I've had the no info problem beyond the current one or two programs since the L276 program downloaded. I've tried the usual, power button, power cord, and smart card reboots, and nothing has helped. In the past, when this problem has occurred (except for version L273), the EPG was restored within ten minutes after rebooting. This time, it doesn't help.

Hope it's just my 921, not the new 276 download. I talked with Dish Technical support about the very noisy operation yesterday, but they said if it's not squealing or severely clicking, it's normal. 

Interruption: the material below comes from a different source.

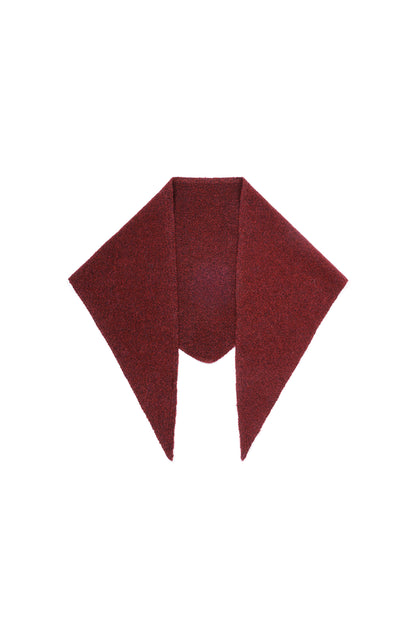 Winter sjaals effen kleur casual polyester dagelijkse accessoires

Maybe it's just a coincidence that the EPG guide problem came back the day before the 921/942 upgrade program starts.

DVR921: - Jan 12, 2005
Boot 150B
Flash F054
SW L276HEED-N


----------



## SummitAdvantageRetailer (Feb 20, 2005)

I guess it's the usual semi-annual DST work-around.


----------



## David_Levin (Apr 22, 2002)

Wow, this has to be the fastest they've ever whipped out 921 software updates....


----------



## Zarom (Jun 4, 2005)

I get a blank screen in PIP and the weird multicolored rectangle appears top left on the TV. Turning off the TV, or the 921 does nothing. It requires a reboot. Haven't seen that in quite a while. Used to be a common occurence on the 921.



boylehome said:


> Every update affects my EPG. I have the, "NO INFO." for all except the current event. If I hit the PIP I get the 861 screen that reads, "PIP no available due to a guide update. This update takes less than 7 minutes. Please try again later." Well I've tried many times later and it keeps popping up. I did the power cord reset and it didn't help.


----------



## harsh (Jun 15, 2003)

SummitAdvantageRetailer said:


> I guess it's the usual semi-annual DST work-around.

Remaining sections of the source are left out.